Hi Eclecticsheep,
Like you, I have never been able to understand how I can feel so hopeless at the beginning of a day, and then perhaps by the end of that same day be out eating with friends. I had a year of solid depression where I hardly got off the couch or left my house. There were no good days. I did say to myself if I ever got back up from that kind of depression, I would never sink that deep again. That time I did not have doctor's or medicine to help me. Not to get the natives restless, but it was a spiritual moment for me that I believe finally brought me back.

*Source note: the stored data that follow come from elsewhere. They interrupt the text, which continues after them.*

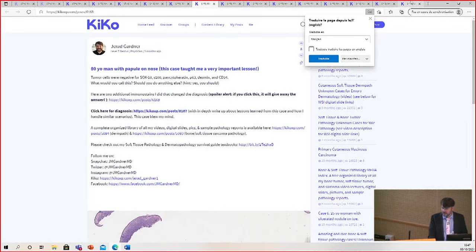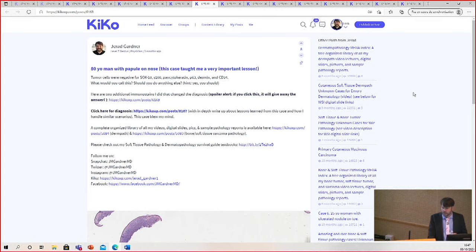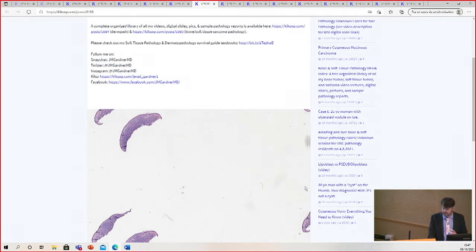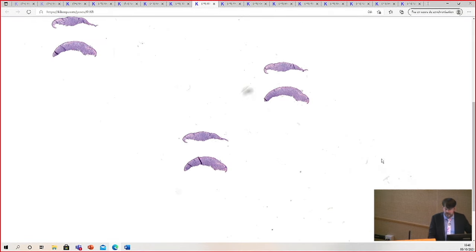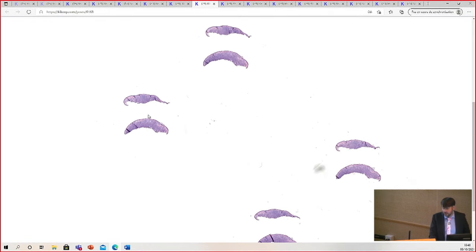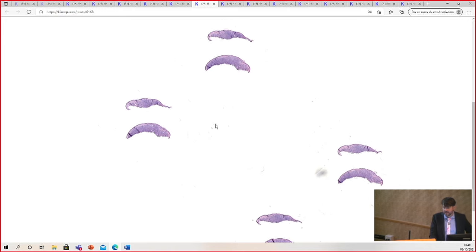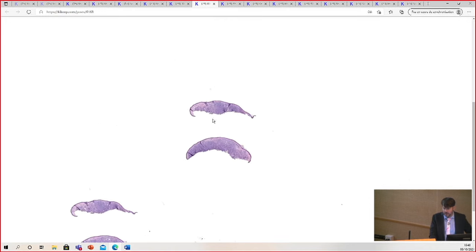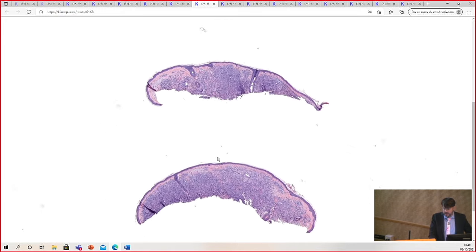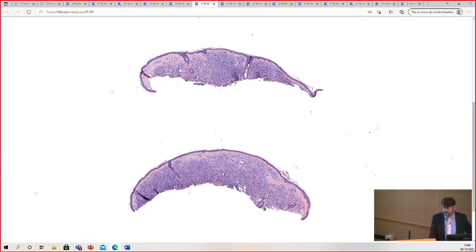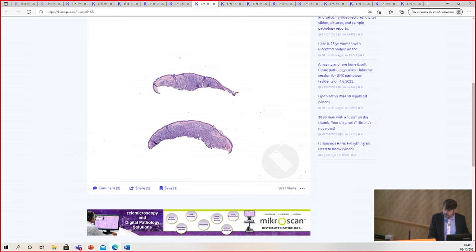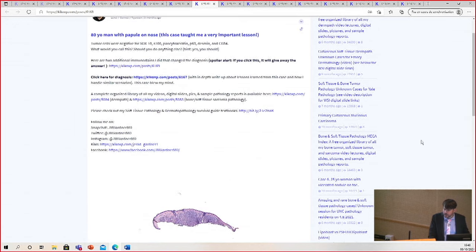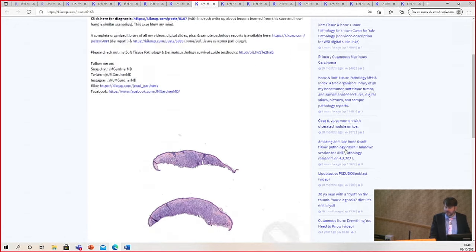This is a case that taught me some very important lessons. This was sent in by a colleague who's a good dermatopathologist. This is from a papule on the nose of an 80-year-old man.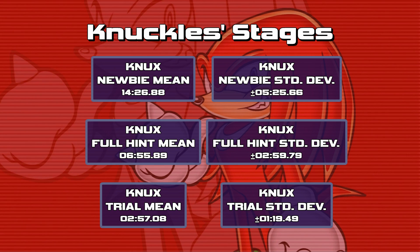Same deal with our trial means — this represents me leveraging my experience and knowledge of this play style to get the best times I possibly could. My overall mean for my performance of Knuckles' stages is two minutes and 57 seconds, plus or minus one minute and 19 seconds. So for a stage like Death Chamber it would take me more like four minutes and 19 seconds, and for a stage like Wild Canyon on average more like a minute and 30-ish. That's what our three distributions look like for Knuckles' stages.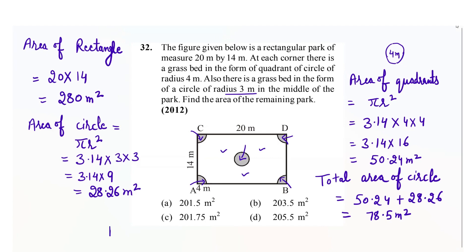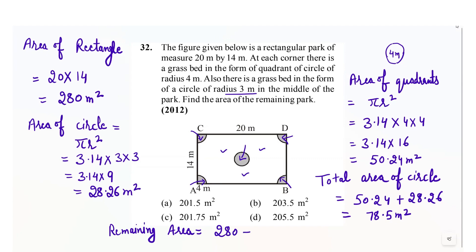Now we have to calculate the remaining area. The remaining area is equals to the area of the rectangle, which is 280 meter square, minus the total area of the circles, which is 78.5 meter square, and when we solve it, we get 201.5 meter square.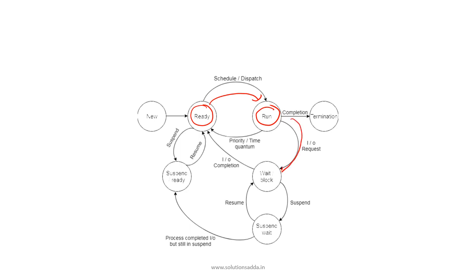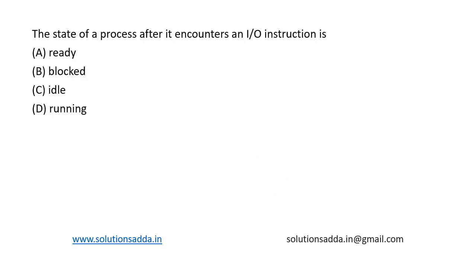So this is our answer: whenever the process requests an I/O operation, it is moved into the wait or blocked state. Now let's see the options. We have blocked, option B. It is the right answer.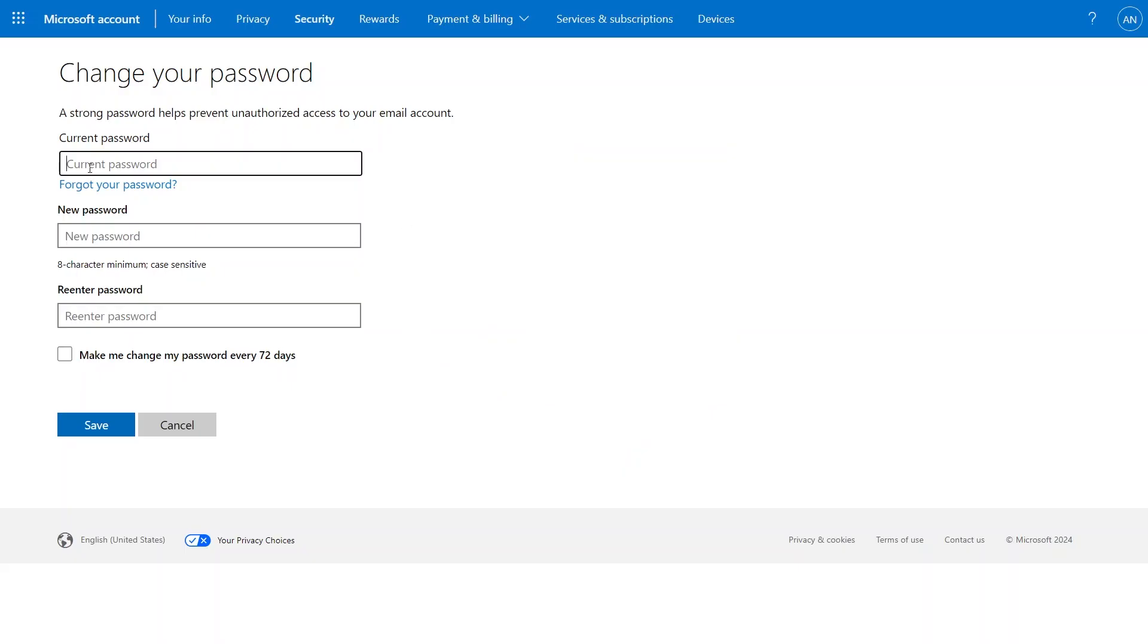Once you have logged in, add your current password, new password and re-enter your new password. You can also choose to select the option of Make me change my password every 72 days.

I then had a period without derealization and it was wonderful. But every now and then depression would come back around. Somehow I got thru those epsiodes without letting it take over my life. Now the DR has returned for around 15 years and with it comes the days of depression. I have days when I wonder how long I can go on. Can I survive this internal agony another minute? And like I said on another post, some days I talk myself in to getting up and fighting it and some days I stay in bed and let it consume me. They are the awful days.
I wanted to write this so you would not feel alone. I wanted to say that on the bad days, please try to think at least this one positive thought...This will pass. If you can always allow yourself that thought of knowledge, of hope, you can at least make it thru the day.

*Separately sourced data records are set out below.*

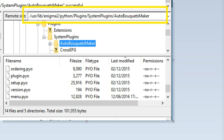Copy menu.po and update_providers.po to this location: /usr/lib/enigma2/python/plugins/SystemPlugins/AutoBouquetMaker.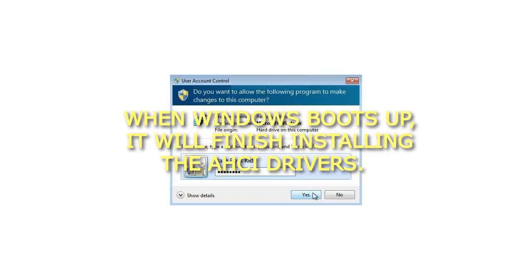When Windows boots up, it will finish installing the AHCI drivers.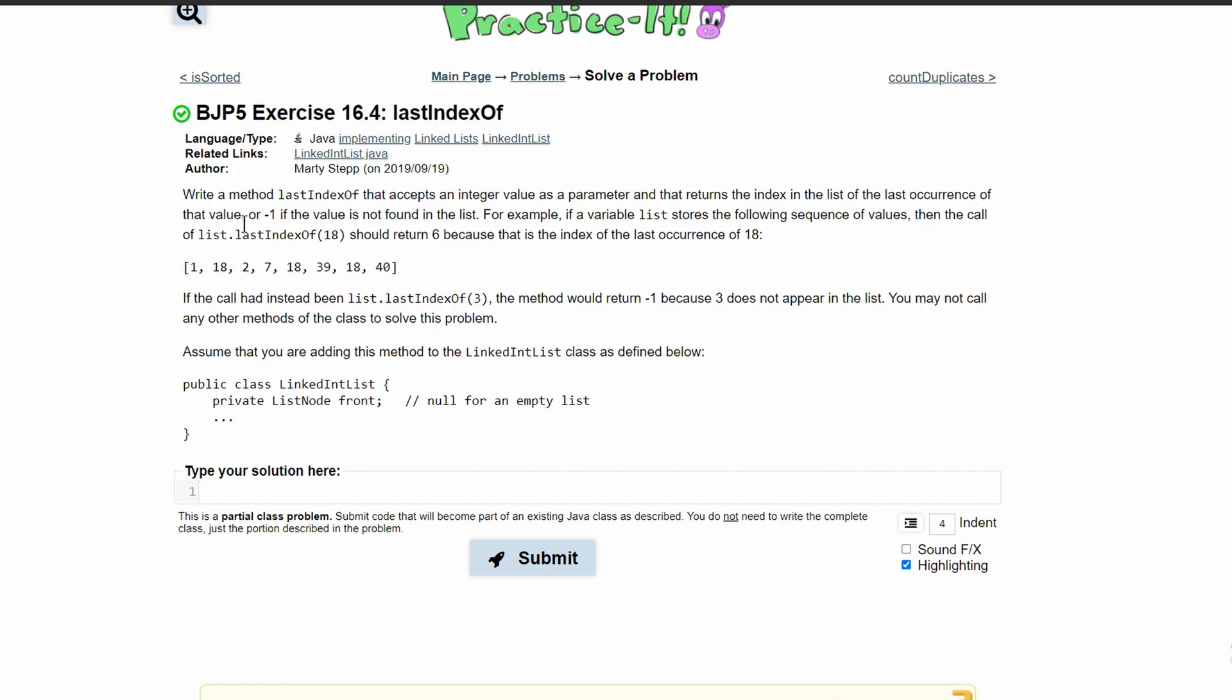First, we're going to write a public method. It's going to return an integer value, so it'll be of type int, and we're calling it lastIndexOf. We're taking an integer as a parameter, int value.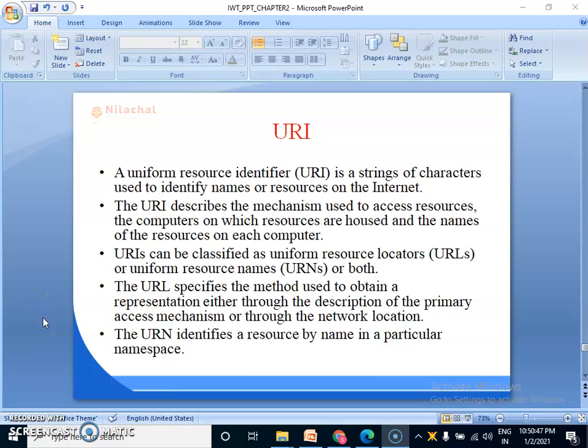Good morning students. Today's topic is URI. URI stands for Uniform Resource Identifier.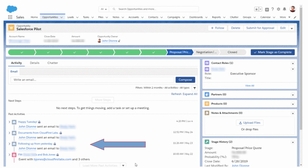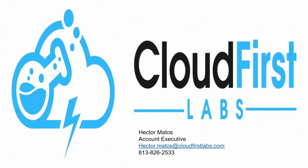Einstein Activity Capture is at no cost to anyone who has Salesforce — you get 100 users at no additional cost. There is no reason not to have it on. It's just another thing that's going to give you a return on using Salesforce on a daily basis, optimizing those extra benefits and features, keeping information centralized. The biggest thing about a CRM is making sure it's working for you, not against you. This is Hector with Cloud First Labs — my contact information is on the screen if you need any consulting help with a project.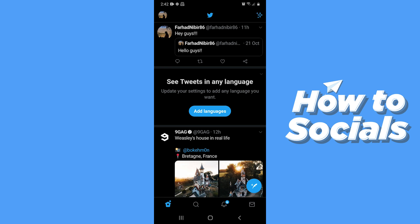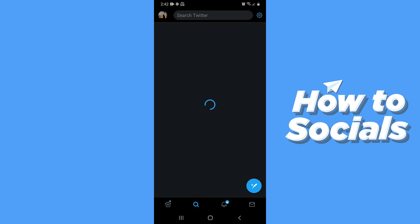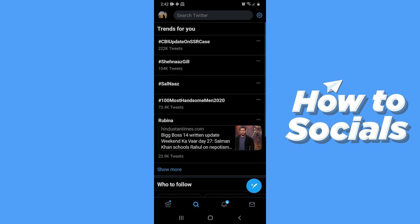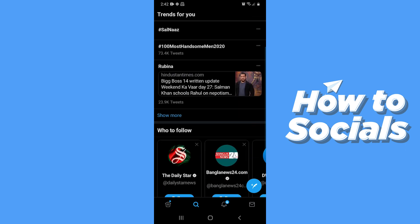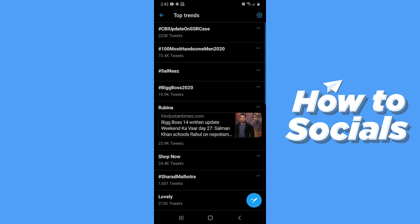Now tap on the search icon at the bottom of the screen. And you'll see all the worldwide trends here. And if you tap on show more you will see more trends.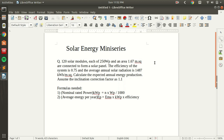Hello and welcome to the third lecture of this exciting mini series. As we have already learned, the main instrument used to convert solar energy into electricity is solar panels. In this lecture we will be solving a question in which we will be calculating the average energy produced by a solar panel.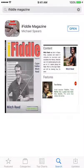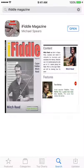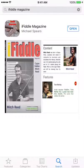The first thing you want to do is go out to the App Store and search for iFiddle Magazine. Once you come to iFiddle Magazine you're going to get a screen similar to this. Instead of 'Open' it'll say 'Get', so you get the app and then you're going to open it.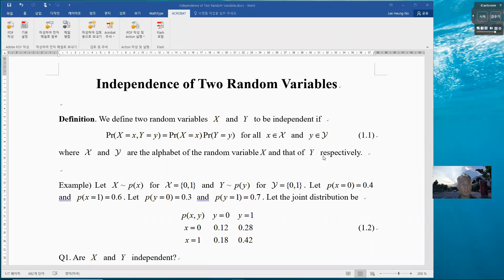I'm going to talk about independence of two random variables. I covered this last time, but I think I did not do a good job. So let me start with the definition. We define two random variables, x and y, to be independent with each other if this condition is satisfied.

You say your doctor is far away and you only have family. I am hoping your family is supportive. Is there one family member who can be there for you when you are at your worst? Would you be willing to call them and ask for help to get you thru that day? If so, then tell them that some times you may need them to be with you so you do not feel so alone. Do they have a number where you live that you can call when you are feeling that low? People who will stay on the phone with you until you feel more yourself? That would also be something you can think to do when you are feeling so terrible.
When you write something as strong as you are thinking of ending life, it becomes very important that someone on this site ask you to seek immediate medical attention. This is not a medical site and people here cannot help someone that have reached such a very serious place in their minds. That is the position, I think, of the people who run this site.
I hope one thing of what I have written will be of some help while you work your way back up.
I really do wish you, and all of us that have to battle depression, strength and hope.